Based on this we will break down objectives and prioritize them

## Analytic Approach

How can you use data to answer the question?

The second step in the methodology is electing the correct approach involves the specific problem being addressed, this points to the purpose of business understanding and helps us to identify what methods we should use in order to address the problem

### Approach to be Used

When we have a strong understanding of the problem, wwe can pick an analytical approach to be used

- Descriptive
- Current Status

- Diagnostic (Statistical Analysis)
- What happened?
- Why is this happening?

- Predictive (Forecasting)
- What if these trends continue?
- What will happen next?

- Prescriptive
- How do we solve it?

### Question Types

We have a few different types of questions that can direct our modelling

- Question is to determine probabilities of an action
- Predictive Model

- Question is to show relationships
- Descriptive Model

- Question requires a binary answer
- Classification Model

### Machine Learning

Machine learning allows us to identify relationships and trends that cannot otherwise be established

### Decision Trees

Decision trees are a machine learning algorithm that allow us to classify nodes while also giving us some information as to how the information is classified

It makes use of a tree structure with *recursive partitioning* to classify data, *predictiveness* is based on decrease in entropy - gain in information or impurity

A decision tree for classifying data can result in leaf nodes of varying purity, as seen below which will provide us with different ammounts of information

Some of the characteristics of decision trees are summarized below

Pros | Cons |
---|---|

Easy to interpret | Easy to over or underfit the model |

Can handle numeric or categorical features | Cannot model feature interaction |

Can handle missing data | Large trees can be difficult to interpret |

Uses only the most important features | |

Can be used on very large or small datasets |

## Labs

The Lab notebooks have been added in the `labs`

folder, and are released under the MIT License

The Lab for this section is `1-From-Problem-to-Approach.ipynb`

# Requirements and Collection

## Data Requirements

What data do you need to answer the question?

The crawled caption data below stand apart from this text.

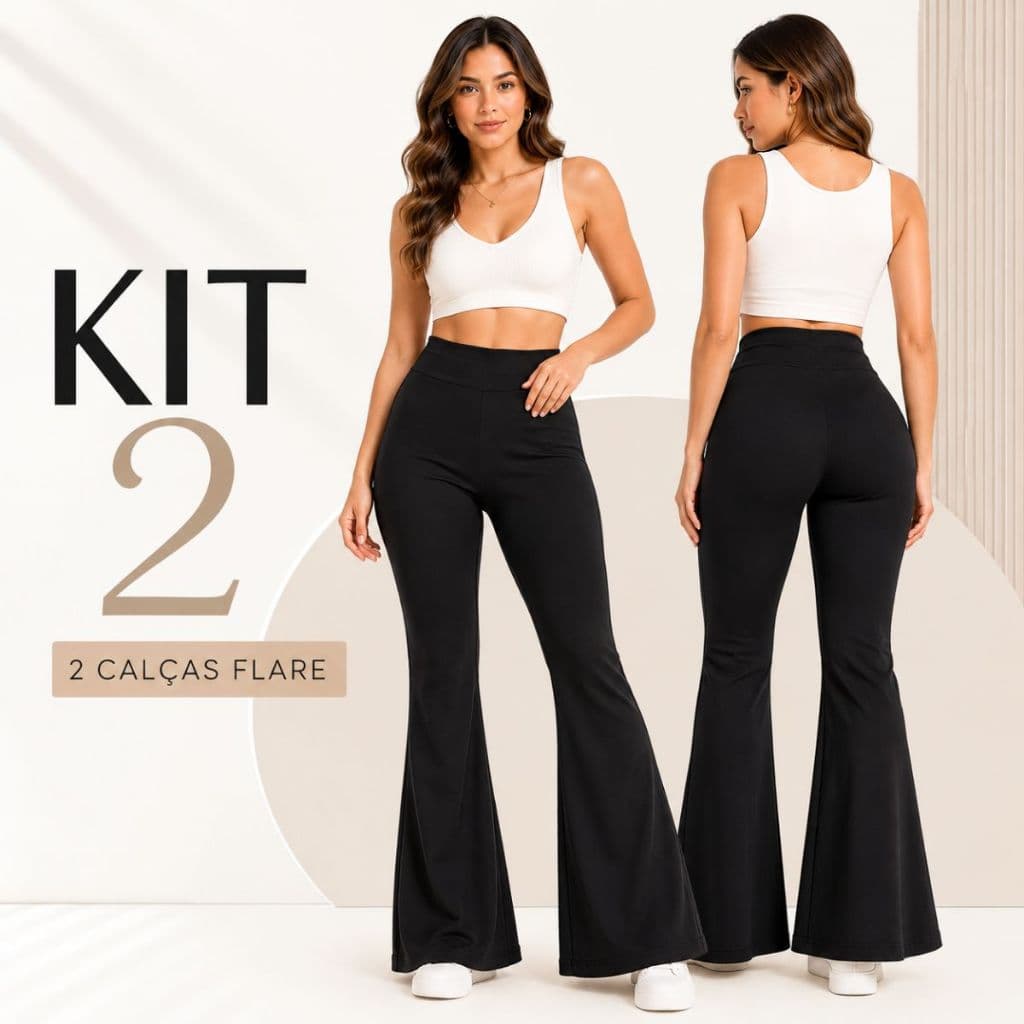 Kit 2 Calças Flare Flanelada Feminina Suplex Boca de Sino Bailarina Cintura Alta Zero Transparência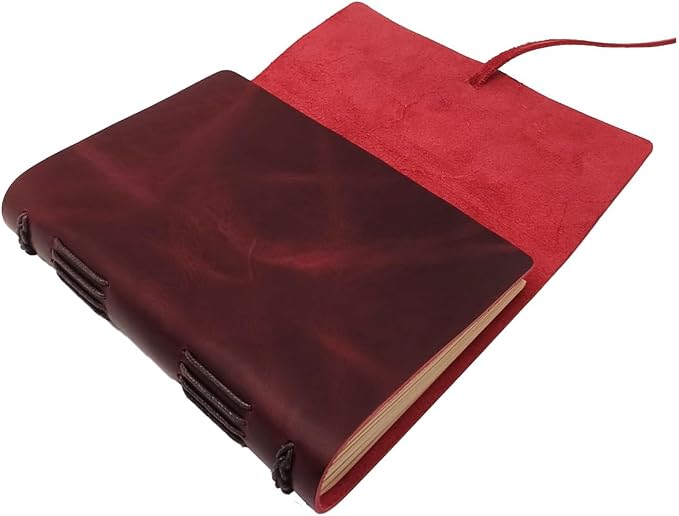 CooLeathor Red Notebook Journal - Nice Genuine Leather Journaling for writers A5 Size Diary 6.2x8.5 Inch,Notepad For Women,Man,Vintage,Gifts,Work,Traveler,Personal,Wine Red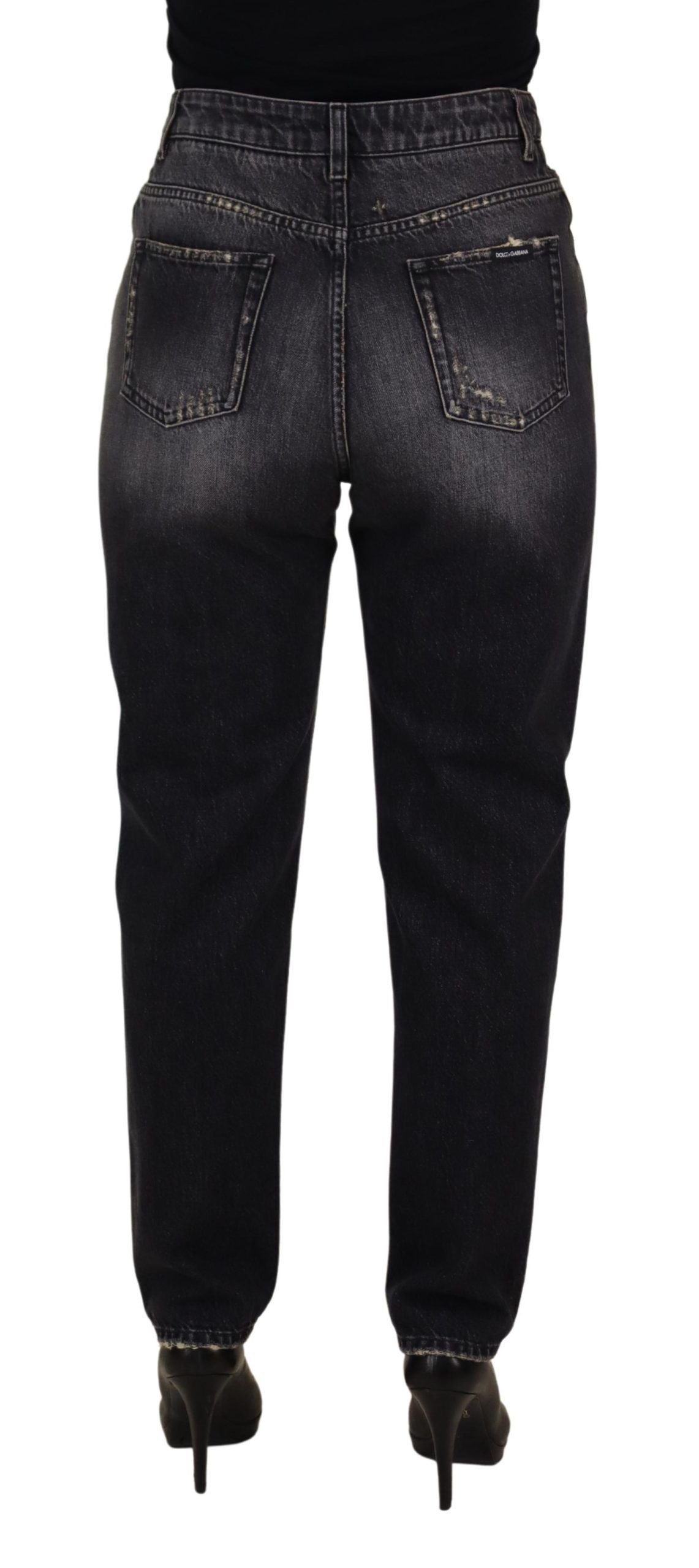 Black Washed Tattered High Waist Denim Jeans - ventzia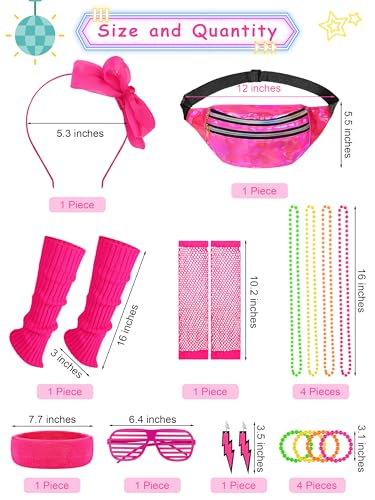 AOTHSO disfraz 80s para niñas tamaño XL color rosa miniatura 2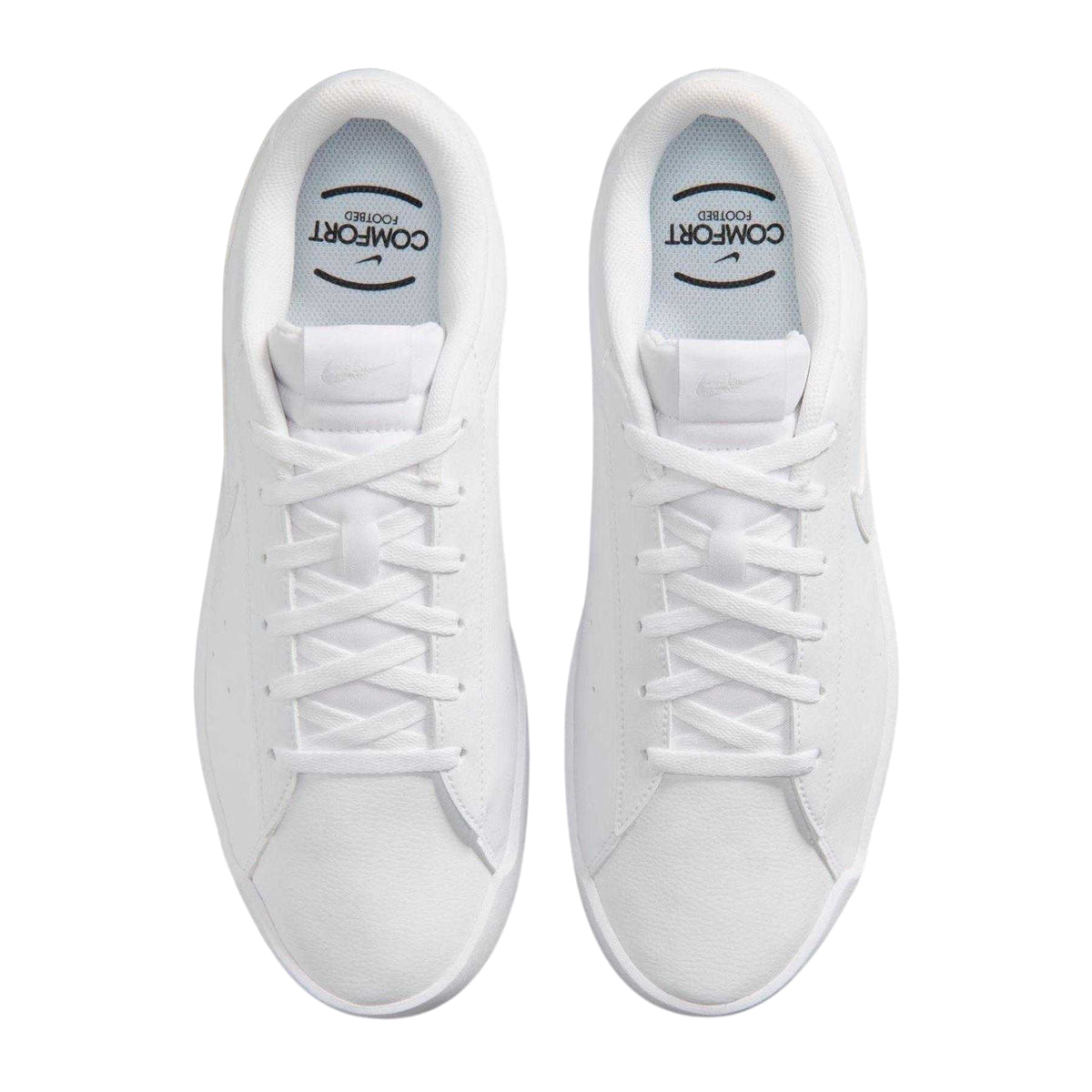 Triple White - Lifestyle - Nike Mens Court Heritage Synthetic Leather Trainers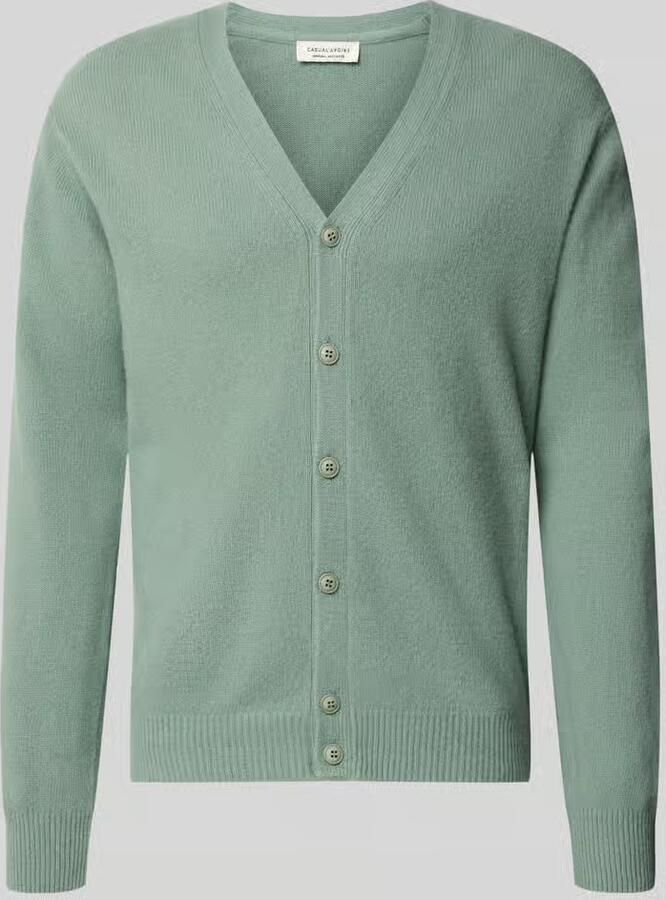 Casual friday Cardigan van wolmix met v-hals model 'KARL'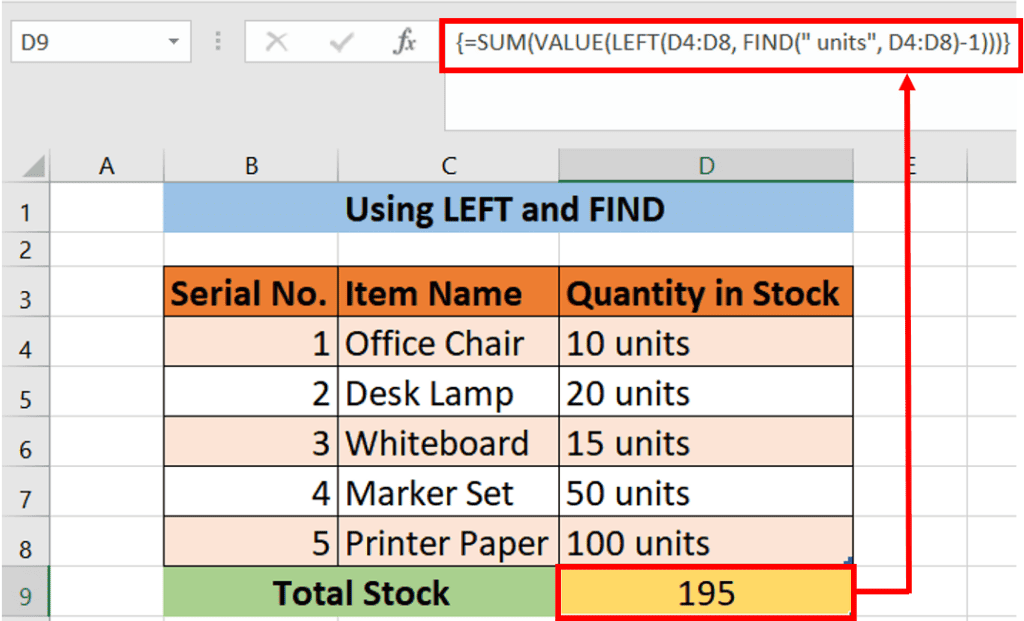 A spreadsheet demonstrating the use of the LEFT and FIND functions in Excel for text manipulation.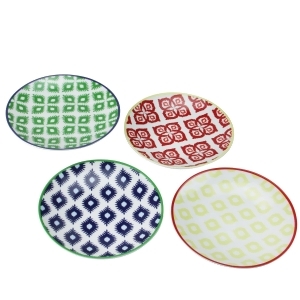 Set of 4 Colorful Belize Porcelain Salad Plates with Gift Box - All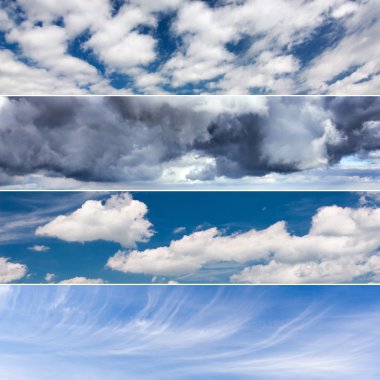 gökyüzü ve bulutlar tema üzerinde dört fotoğrafları kolaj bir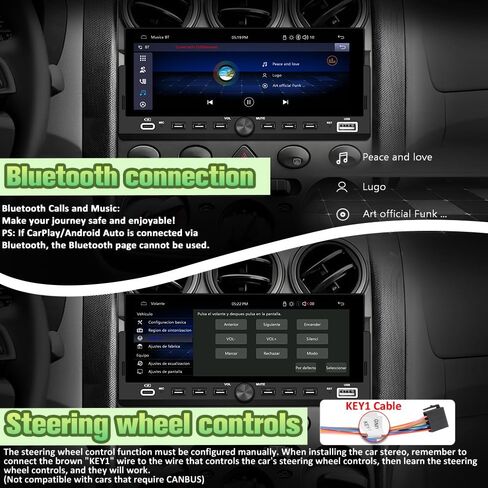 Single Din Radio Car Stereo with Wireless CarPlay & Android Auto in Kuwait
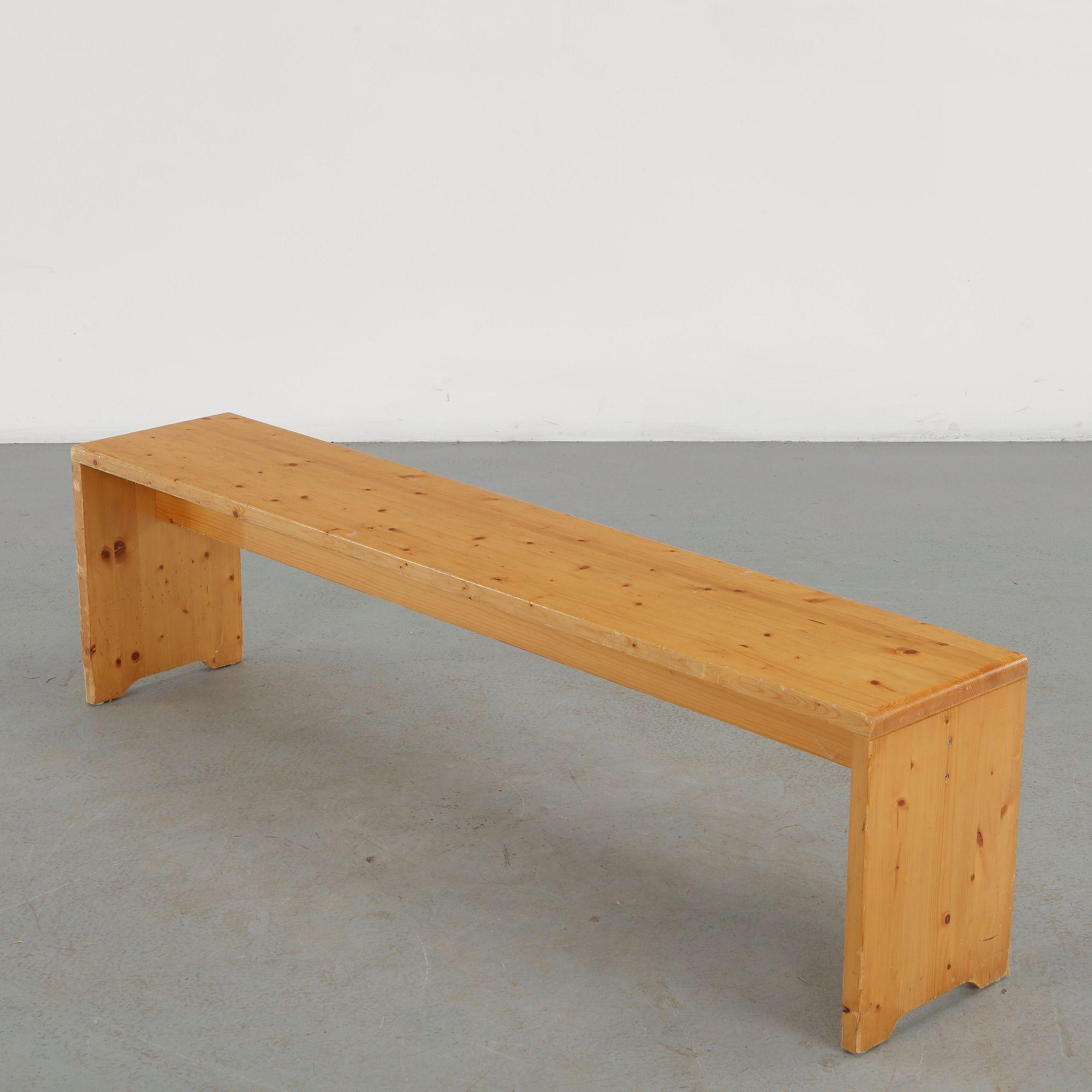 Charlotte Perriand for Les Arcs 1600, Pine Bench, 1960s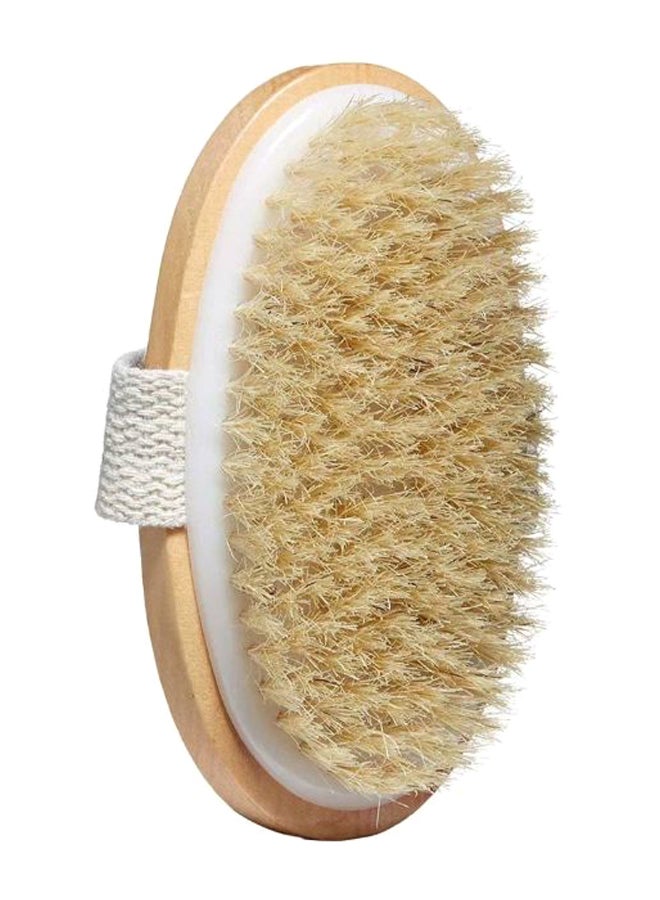 Natural Bristle Dry Skin Body Brush Brown - Image 2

We need to understand what data is required, how to collect it, and how to transform it to address the problem at hand

It is necessary to identify the data requirements for the initial data collection

We typically make use of the following steps

- Define and select the set of data needed
- Content format and representation of data was defined
- It is important to look ahead when transforming our data to a form that would be most suitable for us

## Data Collection

Where is the data coming from and how will you get it?

After the initial data collection has been performed, we look at the data and verify that we have all the data that we need, and the data requirements are revisited in order to define what has not been met or needs to be changed

We then make use of descriptive statistics and visuals in order to define the quality and other aspects of the data and then identify how we can fill in these gaps

Collecting data requires that we know the data source and where to find the required data

## Labs

The lab documents for this section are in both Python and R, and can be found in the `labs`

folder as `2-Requirements-to-Collection-py.ipynb`

and `2-Requirements-to-Collection-R.ipynb`

These labs will simply read in a dataset from a remote source as a CSV and display it

### Python

In Python we will use Pandas to read data as DataFrames

We can use *Pandas* to read data into the data frame

Thereafter we can view the dataframe by looking at the first few rows, as well as the dimensions with

### R

We do the same aas the above in R as follows

First we download the file from the remote resource

Thereafter we can read this into a variable with

We can then see the first few rows of data as well as the dimensions with

# Understanding and Preparation

## Data Understanding

Is the data that you collected representative of the problem to be solved?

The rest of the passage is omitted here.